The 10 Coolest New Big Data Tools Of 2020
With data volumes growing at a rapid clip, accessing, managing and analyzing big data has become a monumental task. Here are 10 big data tools that debuted in 2020 that can help.
Big Data, Big Impact
See the latest entry: The 10 Hottest Big Data Tools of 2022
The volumes of data being collected by businesses and organizations is growing exponentially and that data is increasingly scattered across on-premises, cloud, hybrid-cloud and multi-cloud systems. The result: Managing, accessing and utilizing all that data is an increasingly complex task.
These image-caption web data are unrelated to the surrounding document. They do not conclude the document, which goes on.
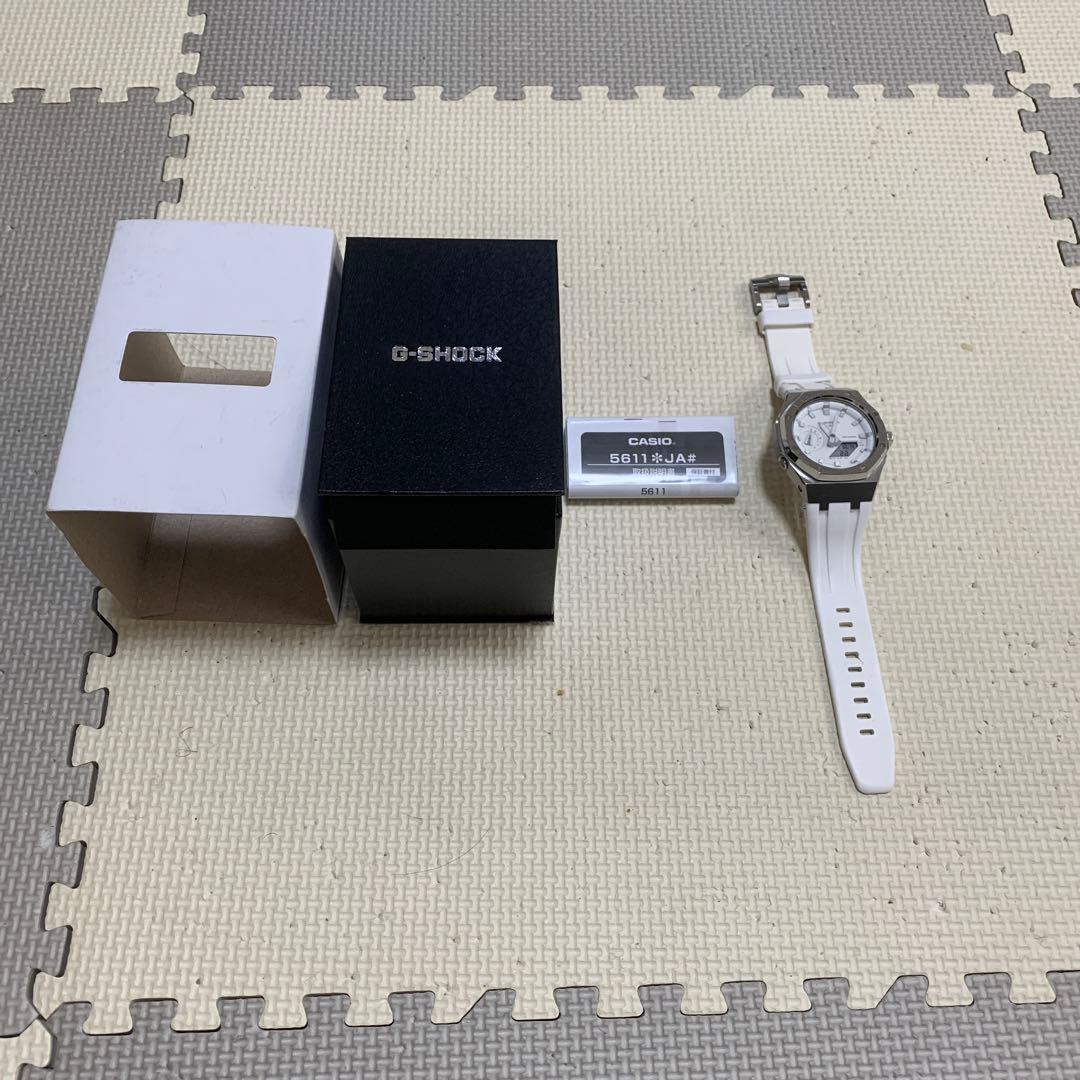 G-SHOCK デジタル腕時計 ホワイト　カシオーク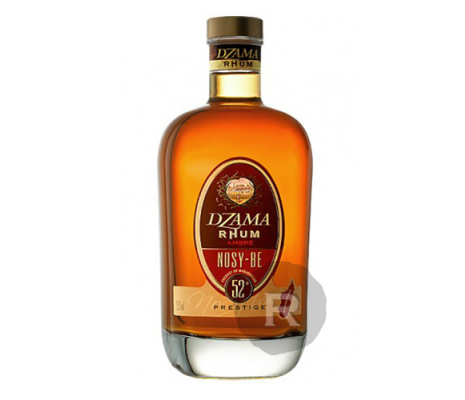 Dzama rhum nosy be prestige 52°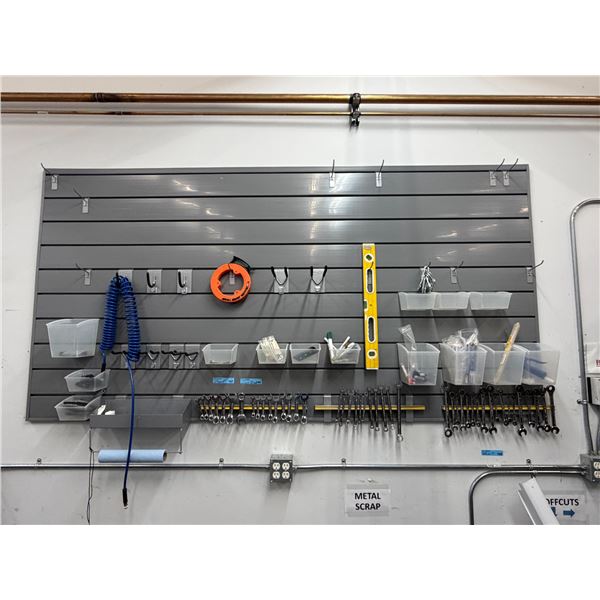 ProSlat Wall-Mounted Slatwall Tool Organizer - Bidder Responsible For Removal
IT vendors, both startups and established players, are developing the next generation of platforms and tools for managing big data and making it accessible to analysts and information workers.
Here are 10 big data platform and tool offerings that caught our attention in 2020.
Some of the featured products are new cloud Database-as-a-Service platforms and related software. That’s no surprise: In a July 1 report market researcher Gartner said that by 2022, 75 percent of all databases will be deployed or migrated to a cloud platform, largely for databases used for business analytics and for Software-as-a-Service applications.
Alluxio Data Orchestration Platform
Data management and storage systems, and the applications and analytical tools that need access to them, are increasingly dispersed across on-premises, hybrid-cloud and multi-cloud systems.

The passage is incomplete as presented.